Правда, из всего этого явствовало и другое: мы сами, поневоле закрывая глаза, мало-помалу притерпелись к мысли, что Ене Водичка посватается ко мне и не встретит отказа. «Глупо как: моя судьба, все мое будущее зависят от чистой случайности! — удивлялась я. — От того, подвернется ли кто-нибудь под руку; от того, что из мужчин моего возраста нет никого более подходящего!»
Погодить бы еще зиму-другую! Но ведь все уже не так, как прежде. И щемящее беспокойство порой сжимало сердце: а что, если окончательно свыкнутся со мной, с моей повадкой, со всем моим существом, — если все во мне приестся, наскучит и мое место займет другая? Ведь не поджидай каждого следующего моего танца два-три кавалера, я давно бы сгорела со стыда. Нет, довольно-таки рискованно чествуемой, с триумфом принятой девушке больше года ходить незамужней по балам.
И опять, сквозь призму трижды десяти лет, видится мне жизнь и судьба собственных моих дочерей — в сравнении с тогдашней моей. Меньшая — ей восемнадцать — готовится к экзаменам на аттестат зрелости; живет несладко, бедняжечка, перебивается уроками да на разные исхлопотанные стипендии. И вот все-таки пишет мне (а я не могу иной раз не согласиться): ее жизнь и молодость — достойная, настоящая. Все у нее еще впереди, она может ждать, строить планы и радоваться будущему, которое закладывает сама. Догадываюсь: не только мне она пишет, есть у нее любовные увлеченьица; но тут пока никаких планов, твердых намерений; одни сладостные тревоги и радости, маленькие праздники сердца. Мы, девушки прежних времен, ничего этого не знали…
На летние месяцы маму отправили к младшей сестре в деревню.

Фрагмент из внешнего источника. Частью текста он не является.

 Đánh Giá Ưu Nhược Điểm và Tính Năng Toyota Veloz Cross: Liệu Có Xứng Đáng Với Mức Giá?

Обширная, со множеством разных помещений и беспорядочных пристроек барская усадьба в Хирипе служила местом постоянных семейных наездов, Две-три девушки на выданье из близкой родни непременно живали там, и гости наведывались беспрестанно со всей округи. Сельское изобилие и приятный старозаветный комфорт царили в усадьбе, — когда строгий чин и мода не очень блюдутся и вас принимают с заботливой, но не стесняющей мудрой широтой. На двух увитых диким виноградом террасах целый день был накрыт стол; все вставали, ложились, встречались, бродили, где и когда душе угодно. Пирошка, тетка моя, часами пропадала на пчельнике, в саду, коноплях, муж ее — у молотилки, в амбаре или в «табашнике», на табачной сушилке. Изрядная куча детишек рассеивалась меж батраков, среди копен, возле мельницы.